La répression sera toujours nécessaire pour un nombre restreint de personnes. Depuis le début de l’année, le SPADOM a dénoncé 29 personnes pour des comportements irrespectueux dans les parcs.

Si la situation s’est améliorée à Vidy, nous avons reçu des témoignages de poubelles qui débordent au parc de Milan, quelle est votre explication?
En 2022, le concept et le type de poubelles a changé au parc de Milan. Le but est de mettre des poubelles avec une plus grande capacité. Nous sommes contents du résultat, du retour de nos collaborateurs et des usagers. Quant aux poubelles pleines, il peut arriver que le canal de descente soit bouché par des cartons de pizza, mais en général la capacité de la poubelle est suffisante (1000 litres) pour ne jamais être pleine.

Traquer sans relâche les derniers récalcitrants, l'éditorial de Fabio Bonavita

Soyons sincères, tout le monde s’attendait cet été à ce que Vidy se transforme une nouvelle fois en porcherie à ciel ouvert. Il faut dire que les images choquantes de l’an dernier montrant des montagnes de déchets au parc Louis Bourget étaient encore bien ancrées dans les esprits. Eh bien, il faut l’avouer, nous avions tort. Au vu des nombreux constats effectués sur le terrain par notre photographe, la situation s’est globalement améliorée (lire notre article en page 5).

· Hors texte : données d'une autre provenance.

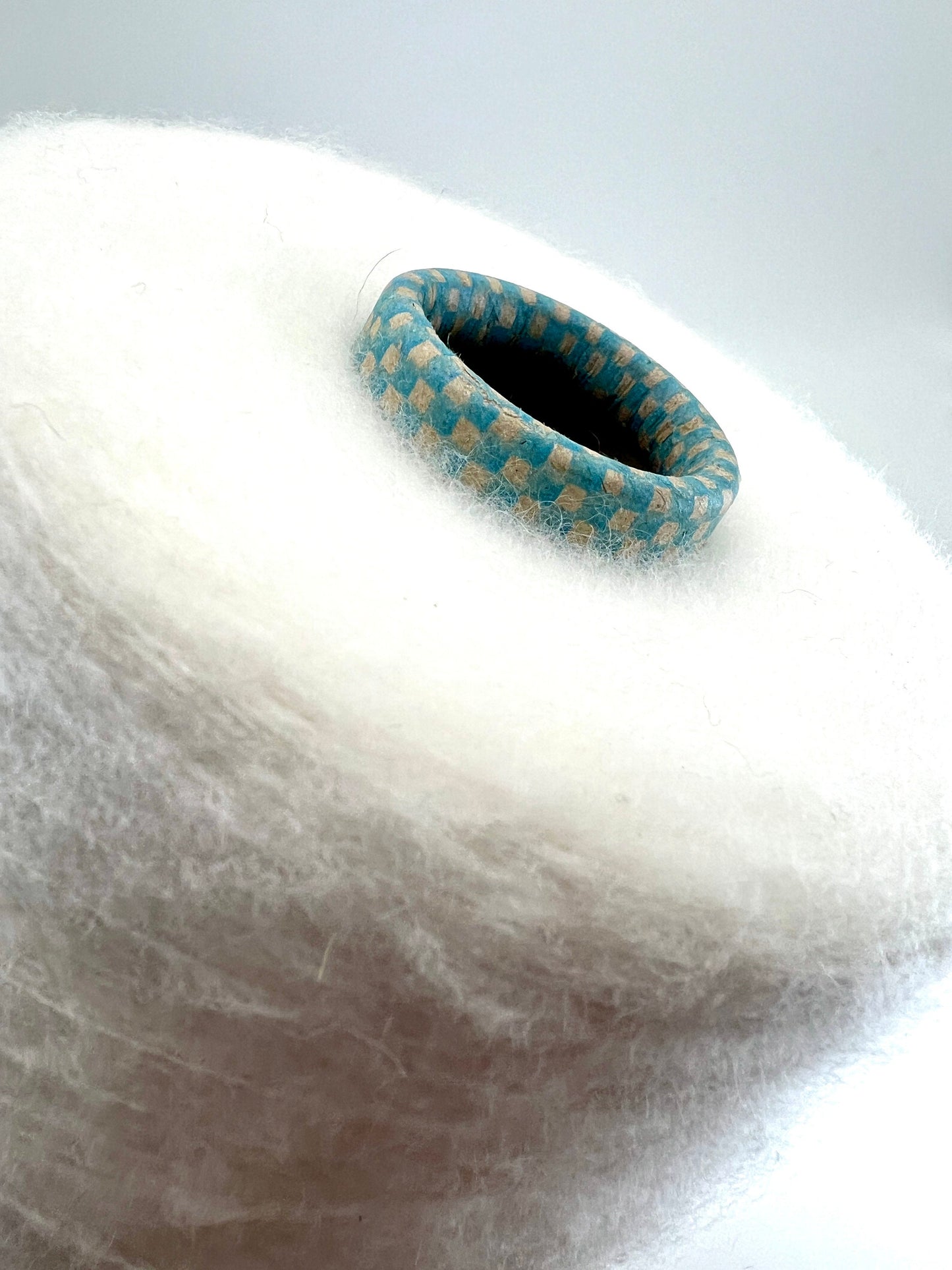 FLUFFY Cashmere 71 Silk 19 Elastane 10 STRETCHY Yarn, SENCE, Luxury Itlains Yarn by CARIAGGI, Available in Balls and on Cone, Lace Weight, 1200m/100g  (1312y/3.52oz)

Tout n’est pas idyllique pour autant, les lundis matin à Vidy, on trouve toujours quelques mégots de cigarette, des sacs de charbon éventrés et des bouteilles vides, mais les vagues de détritus semblent appartenir au passé. En mettant le paquet en matière de sensibilisation, spécialement au bord du lac, la Ville est parvenue à endiguer un phénomène qui agace au plus haut point la population. Une stratégie tout en douceur qui semble donc avoir porté ses fruits. Preuve que la persuasion peut être aussi efficace que la répression.

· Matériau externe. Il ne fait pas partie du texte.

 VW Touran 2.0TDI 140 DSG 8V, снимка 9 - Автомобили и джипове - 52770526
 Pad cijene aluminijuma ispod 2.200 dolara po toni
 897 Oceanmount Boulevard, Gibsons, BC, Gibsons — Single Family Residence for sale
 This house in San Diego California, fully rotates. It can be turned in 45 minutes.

Oui, mais il reste les derniers récalcitrants. Ceux à qui on a expliqué maintes et maintes fois qu’un déchet n’a rien à faire dans un buisson ou sur une pelouse. Les mêmes qui savent pertinemment où sont les bennes à ordure, mais qui, par flemme ou manque d’éducation, continuent de se comporter comme des porcs. Pour ceux-là, il ne faut faire preuve d’aucun ménagement. Et même s’ils ne représentent qu’une minorité des amateurs de baignade ou de barbecue, ils doivent être traqués sans relâche et amendés. Un jour peut-être, ils comprendront ce que signifie vraiment le fait de vivre en société.